I think that there was always the hope that it could influence the way people thought about war. That it could alert people to its horrors and prevent it occurring again. You see, I was born during the First World War in 1915, and my earliest experiences were with people who were in that war or remembered the war very vividly, and then, just when I was beginning to paint, the Second World War began. So war became a kind of lurking terror in my mind from infancy through to late adolescence, when it was all building up again for another one.

— http://www.artgallery.nsw.gov.au/collection/artists/gleeson-james/

During the 1950s and '60s he moved to a more symbolic perspective, notions of human perfectibility. At this time he increasingly fashioned small psychedelic compositions made using the surrealist technique of decalcomania in the background, to suggest a landscape, and finished by adding a fastidiously painted male nude in the foreground. Many of his paintings had homoerotic undertones, something which reflected on Gleeson's own homosexuality.[3] The ideas for these compositions also saw Gleeson move into collage with his Locus Solus series, where he produced a substantial body of work by placing dismembered photographs, magazine illustrations, diagrams and lines of visionary poetry against abstract pools of ink.

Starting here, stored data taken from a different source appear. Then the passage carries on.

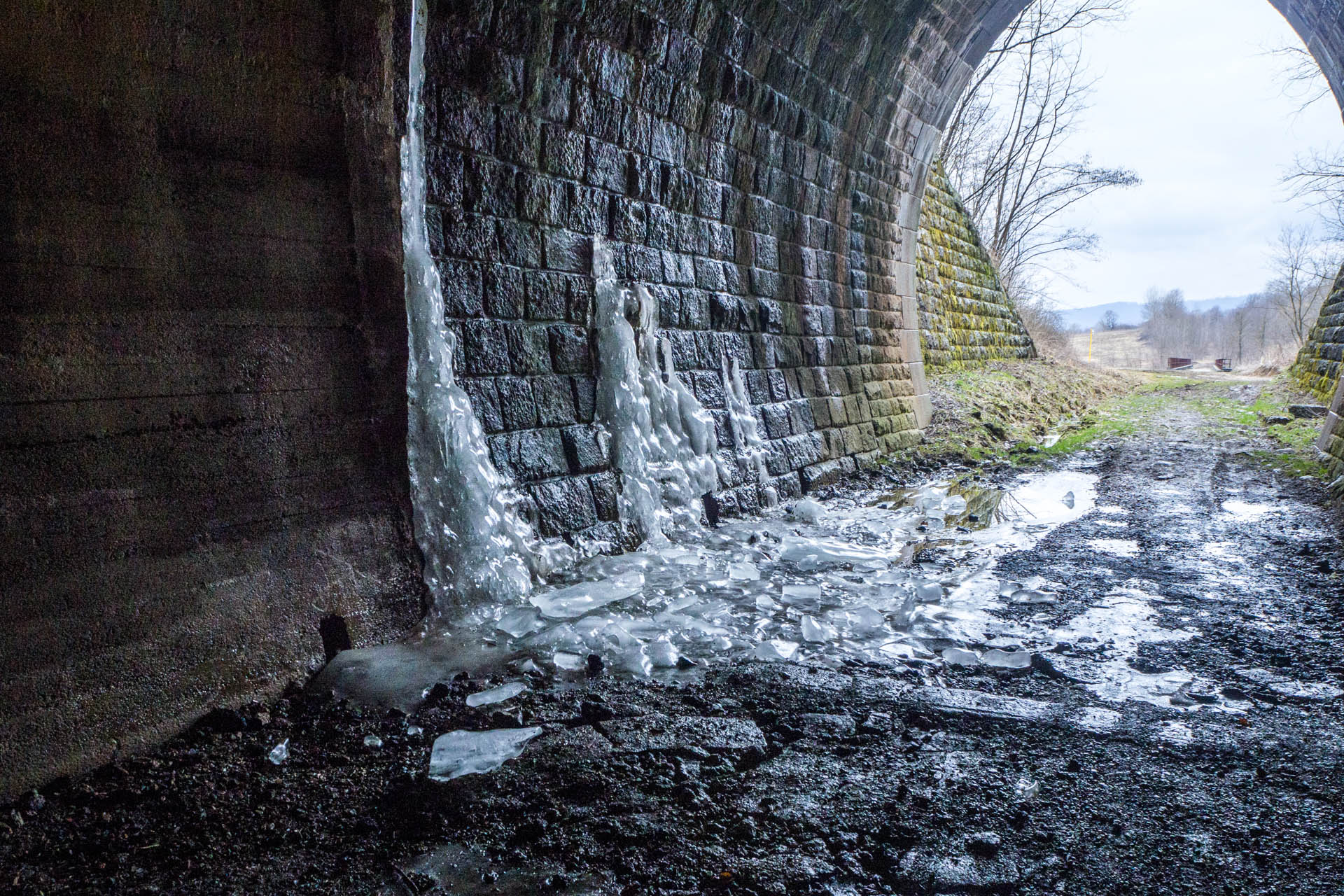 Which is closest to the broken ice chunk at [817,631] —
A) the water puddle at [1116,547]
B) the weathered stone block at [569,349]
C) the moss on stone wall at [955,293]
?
the weathered stone block at [569,349]

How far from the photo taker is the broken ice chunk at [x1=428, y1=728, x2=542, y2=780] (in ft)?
8.41

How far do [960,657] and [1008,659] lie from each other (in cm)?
19

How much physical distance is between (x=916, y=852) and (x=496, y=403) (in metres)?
3.14

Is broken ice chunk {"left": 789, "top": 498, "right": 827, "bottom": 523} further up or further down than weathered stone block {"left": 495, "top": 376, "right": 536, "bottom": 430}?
further down

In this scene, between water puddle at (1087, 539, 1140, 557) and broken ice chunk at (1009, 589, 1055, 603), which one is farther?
water puddle at (1087, 539, 1140, 557)

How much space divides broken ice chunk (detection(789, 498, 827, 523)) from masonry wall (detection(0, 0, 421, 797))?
3647mm

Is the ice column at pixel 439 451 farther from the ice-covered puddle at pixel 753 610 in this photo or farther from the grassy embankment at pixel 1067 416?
the grassy embankment at pixel 1067 416

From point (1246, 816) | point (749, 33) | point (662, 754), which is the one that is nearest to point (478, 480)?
point (662, 754)

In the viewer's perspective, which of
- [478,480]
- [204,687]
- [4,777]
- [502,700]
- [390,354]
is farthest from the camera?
[478,480]

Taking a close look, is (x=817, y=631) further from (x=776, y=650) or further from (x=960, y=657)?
(x=960, y=657)

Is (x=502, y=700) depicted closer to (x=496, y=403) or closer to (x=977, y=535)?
(x=496, y=403)

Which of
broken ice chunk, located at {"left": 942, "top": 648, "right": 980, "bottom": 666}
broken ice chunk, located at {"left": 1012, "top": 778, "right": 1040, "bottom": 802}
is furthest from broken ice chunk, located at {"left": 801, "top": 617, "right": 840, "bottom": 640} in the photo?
broken ice chunk, located at {"left": 1012, "top": 778, "right": 1040, "bottom": 802}

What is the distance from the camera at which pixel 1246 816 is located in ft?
7.22

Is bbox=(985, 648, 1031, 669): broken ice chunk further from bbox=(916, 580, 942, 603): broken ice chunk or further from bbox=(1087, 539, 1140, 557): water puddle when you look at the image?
bbox=(1087, 539, 1140, 557): water puddle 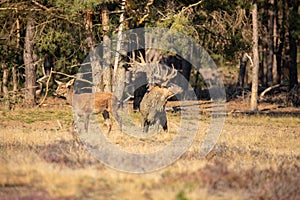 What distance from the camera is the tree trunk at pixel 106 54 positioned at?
24.4 metres

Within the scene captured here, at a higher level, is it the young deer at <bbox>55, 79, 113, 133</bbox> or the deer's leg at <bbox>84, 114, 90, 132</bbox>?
the young deer at <bbox>55, 79, 113, 133</bbox>

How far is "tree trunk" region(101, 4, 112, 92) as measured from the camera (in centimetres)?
2436

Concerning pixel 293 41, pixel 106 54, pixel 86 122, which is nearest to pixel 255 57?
pixel 106 54

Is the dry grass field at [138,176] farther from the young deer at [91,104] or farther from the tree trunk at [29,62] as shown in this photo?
the tree trunk at [29,62]

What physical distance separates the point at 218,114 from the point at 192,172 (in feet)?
63.9

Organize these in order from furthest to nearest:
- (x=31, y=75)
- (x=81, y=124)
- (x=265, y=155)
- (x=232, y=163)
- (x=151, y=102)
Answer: (x=31, y=75)
(x=151, y=102)
(x=81, y=124)
(x=265, y=155)
(x=232, y=163)

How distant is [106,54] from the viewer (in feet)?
83.5

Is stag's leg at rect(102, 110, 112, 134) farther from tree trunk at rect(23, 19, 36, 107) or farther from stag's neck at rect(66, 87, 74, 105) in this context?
tree trunk at rect(23, 19, 36, 107)

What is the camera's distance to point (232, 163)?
12312 millimetres

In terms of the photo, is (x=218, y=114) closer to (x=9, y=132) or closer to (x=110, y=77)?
(x=110, y=77)

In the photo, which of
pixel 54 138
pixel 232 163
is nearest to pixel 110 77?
pixel 54 138

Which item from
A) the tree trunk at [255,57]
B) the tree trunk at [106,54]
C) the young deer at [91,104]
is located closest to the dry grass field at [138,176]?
the young deer at [91,104]

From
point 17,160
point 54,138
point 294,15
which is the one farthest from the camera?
point 294,15

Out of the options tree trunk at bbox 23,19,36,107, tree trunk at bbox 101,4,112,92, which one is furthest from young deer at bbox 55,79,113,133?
tree trunk at bbox 23,19,36,107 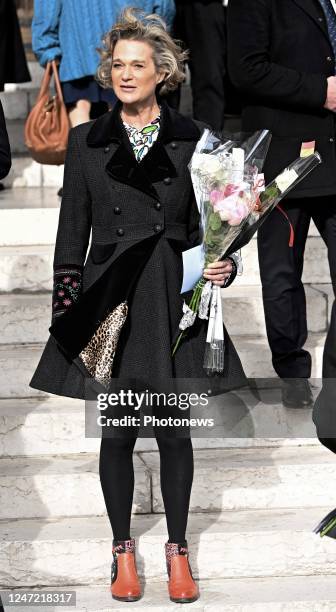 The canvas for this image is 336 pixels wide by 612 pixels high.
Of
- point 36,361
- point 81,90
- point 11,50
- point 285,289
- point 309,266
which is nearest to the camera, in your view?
point 285,289

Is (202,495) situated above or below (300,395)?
below

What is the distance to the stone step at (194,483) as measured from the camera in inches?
192

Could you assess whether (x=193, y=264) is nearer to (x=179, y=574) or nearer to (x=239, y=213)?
(x=239, y=213)

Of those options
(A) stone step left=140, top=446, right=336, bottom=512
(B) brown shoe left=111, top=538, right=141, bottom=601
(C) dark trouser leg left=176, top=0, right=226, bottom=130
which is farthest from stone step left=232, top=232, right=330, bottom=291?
(B) brown shoe left=111, top=538, right=141, bottom=601

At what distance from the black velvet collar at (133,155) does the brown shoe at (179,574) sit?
47.3 inches

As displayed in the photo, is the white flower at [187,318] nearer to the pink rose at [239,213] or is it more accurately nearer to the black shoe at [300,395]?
the pink rose at [239,213]

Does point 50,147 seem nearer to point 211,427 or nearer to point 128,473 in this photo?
point 211,427

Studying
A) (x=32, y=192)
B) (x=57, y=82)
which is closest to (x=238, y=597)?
(x=57, y=82)

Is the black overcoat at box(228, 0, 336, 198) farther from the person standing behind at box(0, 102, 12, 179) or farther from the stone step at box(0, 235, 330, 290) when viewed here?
the person standing behind at box(0, 102, 12, 179)

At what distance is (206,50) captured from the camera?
22.3ft

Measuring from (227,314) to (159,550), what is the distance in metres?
1.53

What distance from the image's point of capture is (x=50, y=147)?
21.7 ft

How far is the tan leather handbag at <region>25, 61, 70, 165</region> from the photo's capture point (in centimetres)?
661

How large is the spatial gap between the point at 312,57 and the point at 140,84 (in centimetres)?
112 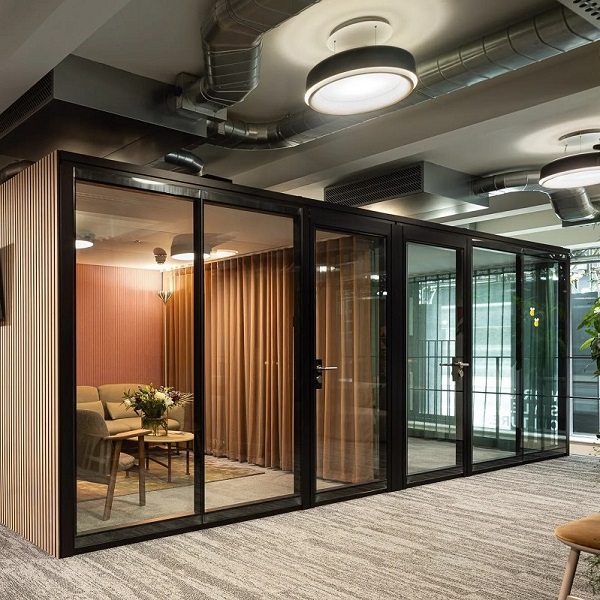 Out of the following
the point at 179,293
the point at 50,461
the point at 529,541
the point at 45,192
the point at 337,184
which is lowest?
the point at 529,541

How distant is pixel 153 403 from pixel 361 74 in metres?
2.37

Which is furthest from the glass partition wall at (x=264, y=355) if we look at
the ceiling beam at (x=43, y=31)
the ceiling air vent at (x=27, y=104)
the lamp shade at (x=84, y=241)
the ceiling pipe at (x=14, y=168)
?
the ceiling pipe at (x=14, y=168)

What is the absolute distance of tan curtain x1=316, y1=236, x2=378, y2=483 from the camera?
5.27 m

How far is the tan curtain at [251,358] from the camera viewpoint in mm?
4625

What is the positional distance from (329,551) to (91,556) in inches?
54.0

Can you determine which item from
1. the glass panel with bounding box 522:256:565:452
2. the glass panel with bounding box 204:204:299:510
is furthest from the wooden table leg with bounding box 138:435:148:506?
the glass panel with bounding box 522:256:565:452

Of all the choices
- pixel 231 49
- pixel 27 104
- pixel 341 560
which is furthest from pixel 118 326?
pixel 341 560

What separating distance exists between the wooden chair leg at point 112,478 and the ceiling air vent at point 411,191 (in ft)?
9.94

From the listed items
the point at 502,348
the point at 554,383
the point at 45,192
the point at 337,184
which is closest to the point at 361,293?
the point at 337,184

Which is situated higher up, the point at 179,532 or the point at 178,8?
the point at 178,8

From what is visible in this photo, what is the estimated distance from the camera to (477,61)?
3752 mm

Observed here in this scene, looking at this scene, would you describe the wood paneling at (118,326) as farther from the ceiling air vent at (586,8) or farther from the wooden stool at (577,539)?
the ceiling air vent at (586,8)

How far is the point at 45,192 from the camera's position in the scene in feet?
13.3

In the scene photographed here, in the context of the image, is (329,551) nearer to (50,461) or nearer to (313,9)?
(50,461) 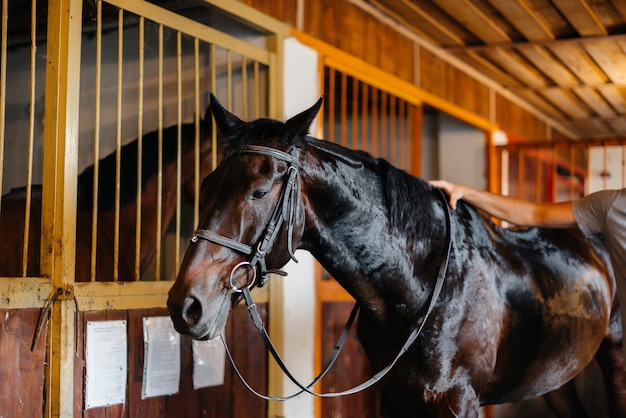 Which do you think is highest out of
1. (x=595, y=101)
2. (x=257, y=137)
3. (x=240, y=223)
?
(x=595, y=101)

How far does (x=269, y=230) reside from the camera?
6.00 ft

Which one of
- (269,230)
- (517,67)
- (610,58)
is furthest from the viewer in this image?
(517,67)

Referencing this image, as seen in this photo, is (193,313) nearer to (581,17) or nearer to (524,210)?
(524,210)

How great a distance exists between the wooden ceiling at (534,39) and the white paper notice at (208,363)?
2248 millimetres

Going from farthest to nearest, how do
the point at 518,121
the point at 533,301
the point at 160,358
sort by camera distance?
the point at 518,121 → the point at 160,358 → the point at 533,301

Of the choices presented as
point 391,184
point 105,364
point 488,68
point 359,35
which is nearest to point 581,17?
point 359,35

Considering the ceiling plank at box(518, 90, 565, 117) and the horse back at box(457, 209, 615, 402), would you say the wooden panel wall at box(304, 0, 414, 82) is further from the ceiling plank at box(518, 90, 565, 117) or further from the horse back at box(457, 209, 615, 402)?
the ceiling plank at box(518, 90, 565, 117)

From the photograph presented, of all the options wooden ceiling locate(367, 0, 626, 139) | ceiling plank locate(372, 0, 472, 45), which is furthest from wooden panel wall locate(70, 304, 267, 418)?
wooden ceiling locate(367, 0, 626, 139)

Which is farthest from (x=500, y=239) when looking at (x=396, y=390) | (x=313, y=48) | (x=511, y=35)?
(x=511, y=35)

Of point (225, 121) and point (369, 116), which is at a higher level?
point (369, 116)

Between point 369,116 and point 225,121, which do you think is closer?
point 225,121

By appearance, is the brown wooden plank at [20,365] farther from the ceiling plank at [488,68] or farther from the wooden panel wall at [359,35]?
the ceiling plank at [488,68]

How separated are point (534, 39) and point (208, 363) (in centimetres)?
304

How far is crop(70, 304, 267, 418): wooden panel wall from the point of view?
2354mm
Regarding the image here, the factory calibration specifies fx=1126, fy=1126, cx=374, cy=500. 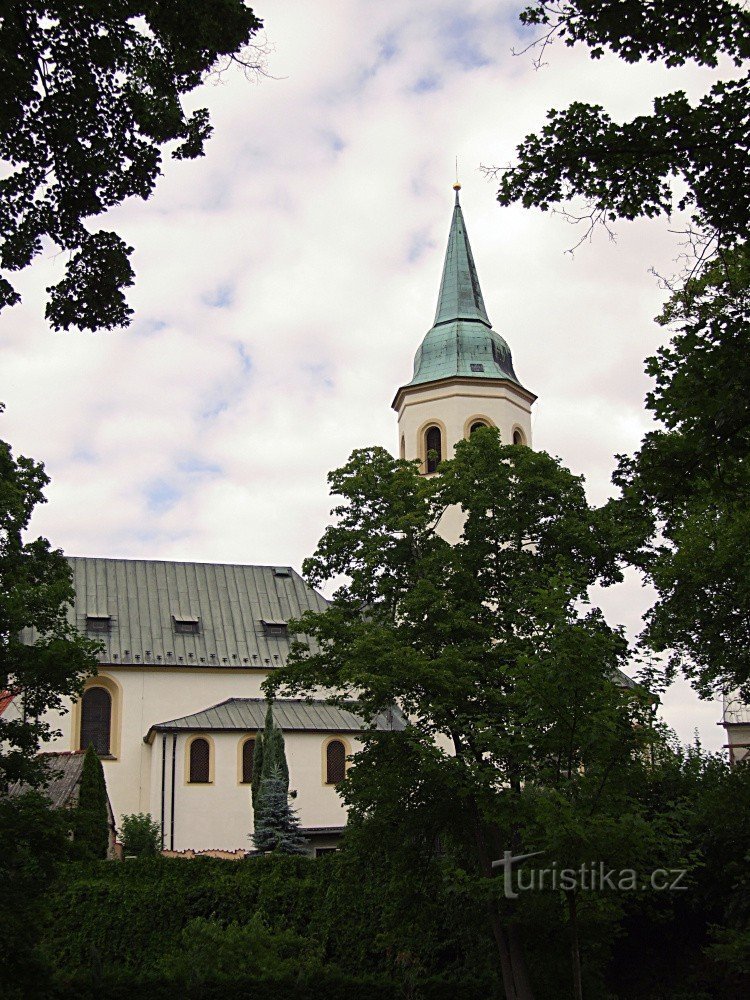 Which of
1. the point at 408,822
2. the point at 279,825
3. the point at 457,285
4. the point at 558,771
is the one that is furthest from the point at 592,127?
the point at 457,285

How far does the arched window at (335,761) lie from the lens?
37.1 meters

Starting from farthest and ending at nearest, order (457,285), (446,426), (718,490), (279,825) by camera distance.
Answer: (457,285) < (446,426) < (279,825) < (718,490)

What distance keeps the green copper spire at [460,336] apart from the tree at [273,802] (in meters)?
14.9

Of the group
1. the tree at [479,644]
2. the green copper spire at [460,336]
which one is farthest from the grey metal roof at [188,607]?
the tree at [479,644]

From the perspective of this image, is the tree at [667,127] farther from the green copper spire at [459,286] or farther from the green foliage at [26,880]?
the green copper spire at [459,286]

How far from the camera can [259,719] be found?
37.6 metres

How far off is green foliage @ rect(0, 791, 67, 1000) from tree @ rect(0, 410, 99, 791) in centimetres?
51

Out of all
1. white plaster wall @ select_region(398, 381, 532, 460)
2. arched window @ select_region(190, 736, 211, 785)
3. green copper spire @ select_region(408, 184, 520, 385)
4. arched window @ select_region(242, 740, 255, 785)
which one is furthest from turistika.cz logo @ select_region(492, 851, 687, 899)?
green copper spire @ select_region(408, 184, 520, 385)

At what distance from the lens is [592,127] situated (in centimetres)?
845

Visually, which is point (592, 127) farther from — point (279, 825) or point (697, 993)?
point (279, 825)

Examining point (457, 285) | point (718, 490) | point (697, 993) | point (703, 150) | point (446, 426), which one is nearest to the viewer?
point (703, 150)

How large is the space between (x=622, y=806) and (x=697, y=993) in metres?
6.51

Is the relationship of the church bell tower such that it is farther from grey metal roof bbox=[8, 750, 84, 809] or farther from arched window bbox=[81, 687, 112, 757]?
grey metal roof bbox=[8, 750, 84, 809]

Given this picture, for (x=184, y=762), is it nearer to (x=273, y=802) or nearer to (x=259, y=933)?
(x=273, y=802) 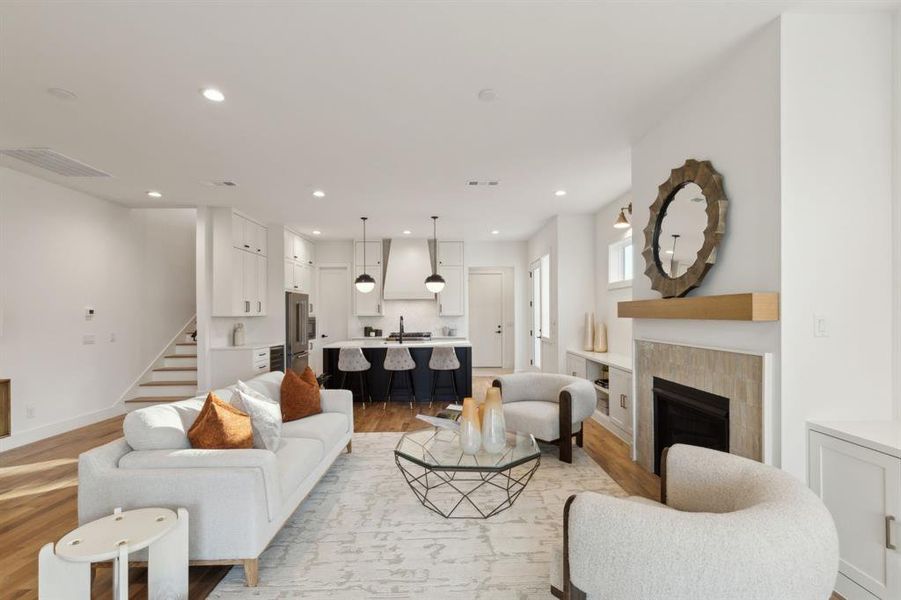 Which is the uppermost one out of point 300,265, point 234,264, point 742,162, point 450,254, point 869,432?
point 450,254

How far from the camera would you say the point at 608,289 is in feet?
19.2

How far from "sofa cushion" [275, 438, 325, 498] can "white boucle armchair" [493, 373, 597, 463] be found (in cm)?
177

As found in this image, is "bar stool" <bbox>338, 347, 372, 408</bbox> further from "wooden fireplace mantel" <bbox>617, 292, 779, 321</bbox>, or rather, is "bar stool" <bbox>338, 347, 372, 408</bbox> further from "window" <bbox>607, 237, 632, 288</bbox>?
"wooden fireplace mantel" <bbox>617, 292, 779, 321</bbox>

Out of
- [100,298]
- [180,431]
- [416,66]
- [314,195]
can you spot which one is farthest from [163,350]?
[416,66]

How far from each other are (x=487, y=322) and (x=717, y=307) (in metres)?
7.21

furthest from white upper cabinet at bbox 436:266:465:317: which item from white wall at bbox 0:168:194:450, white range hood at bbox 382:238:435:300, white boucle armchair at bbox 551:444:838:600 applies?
white boucle armchair at bbox 551:444:838:600

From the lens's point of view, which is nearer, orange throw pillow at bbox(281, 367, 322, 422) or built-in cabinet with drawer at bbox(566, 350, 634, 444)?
orange throw pillow at bbox(281, 367, 322, 422)

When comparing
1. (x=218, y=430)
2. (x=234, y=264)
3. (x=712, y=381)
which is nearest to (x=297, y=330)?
(x=234, y=264)

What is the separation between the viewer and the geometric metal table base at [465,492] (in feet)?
9.42

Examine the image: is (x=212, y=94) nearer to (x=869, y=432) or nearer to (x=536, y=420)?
(x=536, y=420)

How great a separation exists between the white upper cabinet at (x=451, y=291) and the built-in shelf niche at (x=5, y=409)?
5902 mm

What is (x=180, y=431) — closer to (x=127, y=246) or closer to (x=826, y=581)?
(x=826, y=581)

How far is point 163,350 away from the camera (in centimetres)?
681

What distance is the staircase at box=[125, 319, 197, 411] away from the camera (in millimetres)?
6074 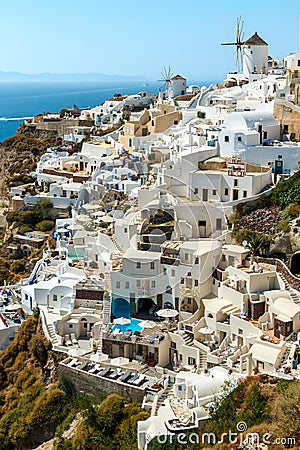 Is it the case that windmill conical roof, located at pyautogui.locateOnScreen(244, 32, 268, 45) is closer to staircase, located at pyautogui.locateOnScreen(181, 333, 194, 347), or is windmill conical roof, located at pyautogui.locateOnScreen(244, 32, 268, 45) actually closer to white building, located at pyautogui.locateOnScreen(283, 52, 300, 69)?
white building, located at pyautogui.locateOnScreen(283, 52, 300, 69)

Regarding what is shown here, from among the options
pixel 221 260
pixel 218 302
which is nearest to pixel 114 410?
pixel 218 302

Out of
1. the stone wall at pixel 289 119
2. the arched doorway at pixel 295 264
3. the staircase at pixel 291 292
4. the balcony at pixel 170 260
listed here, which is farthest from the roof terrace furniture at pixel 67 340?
the stone wall at pixel 289 119

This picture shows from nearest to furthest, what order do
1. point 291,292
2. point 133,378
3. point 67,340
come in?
point 133,378, point 291,292, point 67,340

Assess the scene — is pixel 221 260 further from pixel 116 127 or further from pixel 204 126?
pixel 116 127

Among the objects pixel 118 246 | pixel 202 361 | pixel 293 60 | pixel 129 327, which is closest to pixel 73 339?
pixel 129 327

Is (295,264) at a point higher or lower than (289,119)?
lower

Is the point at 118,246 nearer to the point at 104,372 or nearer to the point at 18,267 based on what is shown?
the point at 104,372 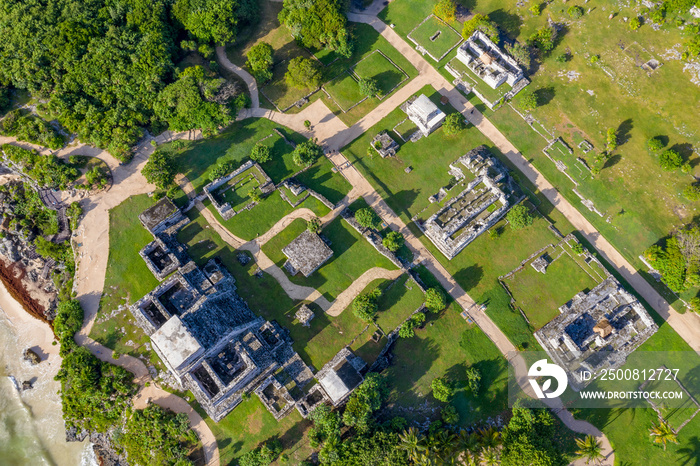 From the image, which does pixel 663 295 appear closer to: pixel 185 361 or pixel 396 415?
pixel 396 415

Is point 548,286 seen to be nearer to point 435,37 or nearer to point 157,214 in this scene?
point 435,37

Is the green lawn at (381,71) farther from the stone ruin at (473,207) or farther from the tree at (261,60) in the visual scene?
the stone ruin at (473,207)

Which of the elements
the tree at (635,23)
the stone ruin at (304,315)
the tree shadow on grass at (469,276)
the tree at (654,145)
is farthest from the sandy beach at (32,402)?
the tree at (635,23)

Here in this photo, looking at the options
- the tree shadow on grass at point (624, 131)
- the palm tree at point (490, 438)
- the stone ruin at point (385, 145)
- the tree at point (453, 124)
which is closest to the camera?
the palm tree at point (490, 438)

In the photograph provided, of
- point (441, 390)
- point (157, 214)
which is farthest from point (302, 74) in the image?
point (441, 390)

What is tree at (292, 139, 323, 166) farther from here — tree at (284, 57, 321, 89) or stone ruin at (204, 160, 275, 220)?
tree at (284, 57, 321, 89)

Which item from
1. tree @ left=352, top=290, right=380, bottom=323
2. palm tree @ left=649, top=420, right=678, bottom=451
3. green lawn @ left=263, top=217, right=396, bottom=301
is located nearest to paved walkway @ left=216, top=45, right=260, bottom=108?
green lawn @ left=263, top=217, right=396, bottom=301

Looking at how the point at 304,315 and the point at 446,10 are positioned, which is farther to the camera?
the point at 446,10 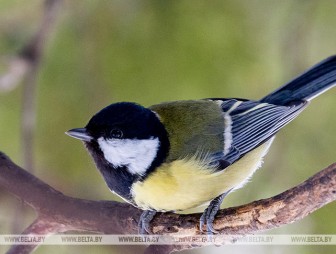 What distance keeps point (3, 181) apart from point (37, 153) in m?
Result: 0.39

Since the 1970s Gleeson generally made large scale paintings in keeping with the surrealist inscape genre. The works outwardly resemble rocky seascapes, although in detail the coastline's geological features are found to be made of giant molluscs and threatening crustaceans. In keeping with the Freudian principles of surrealism these grotesque, nightmarish compositions symbolise the inner workings of the human mind. Called 'Psychoscapes' by the artist, they show liquid, solid and air coming together and directly allude to the interface between the conscious, subconscious and unconscious mind. Gleeson's later works incorporate the human form less and less in its entirety. The human form was then represented in his landscapes by suggestions, an arm, a hand or merely an eye.

His retrospective in 2004-2005, Beyond the Screen of Sight, included 120 paintings and was exhibited in Melbourne and Canberra. The Art Gallery of New South Wales exhibited Gleeson's drawings for paintings[4] in 2003 and The Ubu diptych in 2005 to celebrate Gleeson's 90th birthday.[5] The Ubu diptych is regarded as one of his greatest.[5]

In September 2007, the largest collection of Australian surrealism ever collected was donated to the National Gallery of Australia by Ray Wilson. The collection included various works by James Gleeson.[6]

Gleeson died in Sydney on 20 October 2008, aged 92.[7][8][9] His life partner Frank O'Keefe died in January 2007.[9]